消費税10%一過性の恵、施しは無用

消費税10%への移行に伴い政府各界から様々な対応策が出されているが、今時の政治家は差別ということが余程お好きらしい。低所得者層という差別用語を用い対象世帯に商品券を配布するという案。低所得者層とはしからば高所得者層とは、何をもってこうした差別的な用語が飛び交うのか不思議でならない、障害者でいえばつんぼ、めくらといった差別用語となんら変わらない。

また、消費税値上げが止むなしの状況下にあって商品券等々の財源はどこにある、その程度のものはゴミくらいと考えているのか、仮にゴミ程度ものなら何も来年度10%に値上げする必要はない、正にバラマキ政策といってもよい。また商品券をもらったところでそれは一過性のもので家計にとっては焼け石に水だ。消費税率を上げるからには目先の対策ではなく全世帯にとって、全国民にとって豊かな時代となるような政策を第一に考えるべきだろう。一度口に出した公約だから今更引っ込みがつかないでは余りにもお粗末だ。

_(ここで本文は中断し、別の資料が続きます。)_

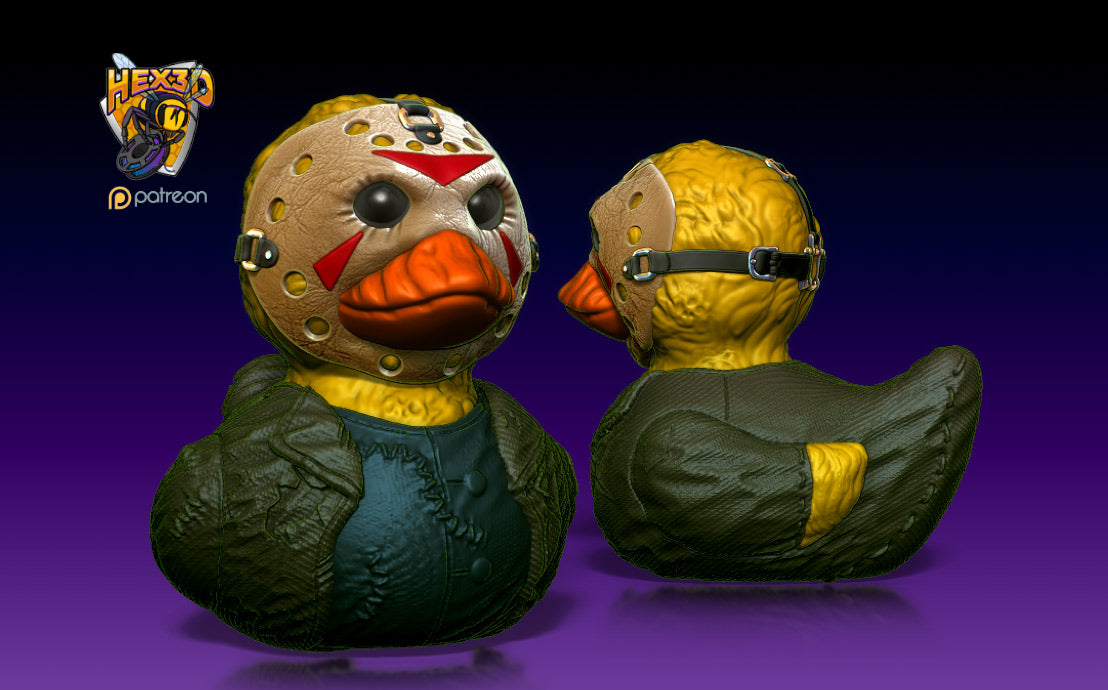 Slasher Mask Duck 2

このようなちぐはぐ政策がこのところ安部政権下にあってはあまりにも目立つ。例えば学校給食の無償化、高校の授業料無償化そして大学授業料無償化と低所得者層をターゲットに差別的な政策が果たして国民は喜んで受け入れているのか考えて欲しい。人にはプライドがある、そうした国民のプライドを無視してまで敢えて低所得者層を洗い出し商品券云々授業料無償とは正に為政者の自己満足を満たすだけの悪政といわねばなるまい。

このように差別化した政策が裏目に出ればいじめや登校拒否、あるいは学習意欲の低下に繋がっていかないかである。昔からいじめられる子供は何らかの差別を受けている環境、受けやすい環境下の子供が多いということだ。給食費無償の子供は、それをネタにいじめられることだってある。学生にとっても授業料無償ということがそうでない学生に引け目を感じ、遠慮や学習への意欲が殺がれていくことも考えられる。大人社会にあっても商品券をもらっても恥ずかしくてそれを使う気になれない世帯、また申し出制をとったところで申し出ない世帯も多かろう。すべて人間にはプライドがあるからだ。

古来から「家貧しゅうして孝子出ず」という言葉がある。家が貧しいから親孝行する子供が生まれるということだが、それは苦学して立派な大人になって親孝行をするの例えである。高校、大学の授業料無償化など当人にとって何らの効果のないものだ。苦学とは努力と忍耐であり、それは環境が厳しいからこそ乗り切れるものである。立派な成人はこうした厳しい環境を乗り越えてこそ生まれてくるものだ。

はっきりと申し上げる、消費税税率アップが喫緊の課題ならその根拠を先ず国民に説明し、国民にとって納得できる政策を行っていけばそれで十分である。それが政治というものではないか、一過性の恵、施しなど無用である。